宇多天皇が御年十九歳で、まだ皇太子にお立ちにならない殿上人であったころ( 仁和 元年・八八五)、当時一代の貴公子であり美男子の代名詞にもなった 在原業平 の中将と、御殿の座敷の中で相撲を取った。
えいや、えいやともみ合ううちに、業平の投げがみごとに決まって、殿上人は脇にあった 御倚子(儀式のとき天皇がお掛けになる椅子で、紫宸殿と清涼殿にあった) の上にしたたか体をぶつけられ、そのため椅子の高欄が折れてしまった。

なかなか手荒な天皇ですこと。そして業平。

位置: 1,330
江戸時代の横綱は強豪大関に与えられた称号ではなく、将軍家などの上覧相撲の機会に、特に選ばれた強豪力士に「横綱土俵入り」の免許を与えたもので、重点は土俵入りの儀式にあったわけである。従って当時は、「横綱谷風」という呼称はなく、番付も大関であった。ほぼ同時代の超強豪力士の雷電為右衛門、文化時代の強豪大関柏戸利助、玉垣額之助などが、吉田司家から横綱免許を受けなかった理由も、こうした正式な上覧相撲のチャンス(機会) に恵まれなかっただけのことである。
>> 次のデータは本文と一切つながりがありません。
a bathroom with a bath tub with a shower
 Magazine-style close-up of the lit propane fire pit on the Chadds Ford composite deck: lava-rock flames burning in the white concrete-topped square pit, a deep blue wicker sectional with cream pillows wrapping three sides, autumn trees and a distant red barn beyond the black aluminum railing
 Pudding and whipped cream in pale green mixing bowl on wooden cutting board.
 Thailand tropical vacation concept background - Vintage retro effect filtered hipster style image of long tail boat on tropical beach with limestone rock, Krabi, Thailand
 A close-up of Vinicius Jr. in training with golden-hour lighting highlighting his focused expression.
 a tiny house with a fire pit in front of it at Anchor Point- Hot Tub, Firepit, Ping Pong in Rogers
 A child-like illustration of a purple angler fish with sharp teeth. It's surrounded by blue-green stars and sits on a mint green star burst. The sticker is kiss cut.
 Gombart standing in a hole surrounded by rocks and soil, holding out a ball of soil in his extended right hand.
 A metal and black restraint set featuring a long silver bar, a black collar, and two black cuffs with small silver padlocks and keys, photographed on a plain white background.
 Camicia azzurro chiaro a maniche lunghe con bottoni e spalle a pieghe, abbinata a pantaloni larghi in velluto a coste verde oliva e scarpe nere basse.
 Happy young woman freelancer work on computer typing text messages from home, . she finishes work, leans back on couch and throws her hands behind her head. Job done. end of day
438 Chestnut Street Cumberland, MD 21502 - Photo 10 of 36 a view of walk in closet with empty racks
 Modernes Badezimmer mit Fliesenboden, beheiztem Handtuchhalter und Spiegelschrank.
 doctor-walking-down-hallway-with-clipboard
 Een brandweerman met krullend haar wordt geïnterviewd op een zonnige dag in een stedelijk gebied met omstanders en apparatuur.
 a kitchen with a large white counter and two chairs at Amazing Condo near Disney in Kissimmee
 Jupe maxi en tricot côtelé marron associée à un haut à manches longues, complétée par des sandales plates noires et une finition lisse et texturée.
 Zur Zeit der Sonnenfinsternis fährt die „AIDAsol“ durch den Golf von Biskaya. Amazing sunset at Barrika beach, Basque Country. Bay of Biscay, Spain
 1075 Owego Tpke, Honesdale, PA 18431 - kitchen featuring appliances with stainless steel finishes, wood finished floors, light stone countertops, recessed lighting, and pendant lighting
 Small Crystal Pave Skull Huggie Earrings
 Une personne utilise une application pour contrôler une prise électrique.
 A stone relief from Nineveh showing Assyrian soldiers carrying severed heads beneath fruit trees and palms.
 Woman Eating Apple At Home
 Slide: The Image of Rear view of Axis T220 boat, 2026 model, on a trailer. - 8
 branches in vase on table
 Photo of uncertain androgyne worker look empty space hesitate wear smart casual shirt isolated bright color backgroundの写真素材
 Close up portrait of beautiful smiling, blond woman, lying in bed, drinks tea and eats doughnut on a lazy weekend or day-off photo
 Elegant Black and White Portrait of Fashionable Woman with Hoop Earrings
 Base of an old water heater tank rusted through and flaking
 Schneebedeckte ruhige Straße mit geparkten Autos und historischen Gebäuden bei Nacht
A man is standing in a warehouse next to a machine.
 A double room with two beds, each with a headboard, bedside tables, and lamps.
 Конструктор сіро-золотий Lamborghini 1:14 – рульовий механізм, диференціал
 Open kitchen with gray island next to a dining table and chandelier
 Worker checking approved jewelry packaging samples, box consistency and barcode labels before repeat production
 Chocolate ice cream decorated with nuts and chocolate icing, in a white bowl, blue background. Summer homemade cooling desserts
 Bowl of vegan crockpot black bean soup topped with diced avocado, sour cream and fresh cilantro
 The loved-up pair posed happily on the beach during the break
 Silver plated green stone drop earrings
なるほど。だから雷電は横綱じゃなかった、って『阿武松』でも演りましたね。

位置: 1,378
歴代横綱の伝記を書こうとすれば、いやおうなく、幕府の 好事家 により勧進相撲の始祖と祭りあげられている明石志賀之助に触れなくてはならない。初代から三代までは横綱の確証がないから、谷風梶之助から正しく数えるべきであるという説は、歴代横綱が設定された明治中期のころ唱えられてすでに久しい。

マニアックだなぁ。

これからどんどんマニアックになっていきます。あたくしはここで中座。
もっと易しいものが読みたかったなぁ。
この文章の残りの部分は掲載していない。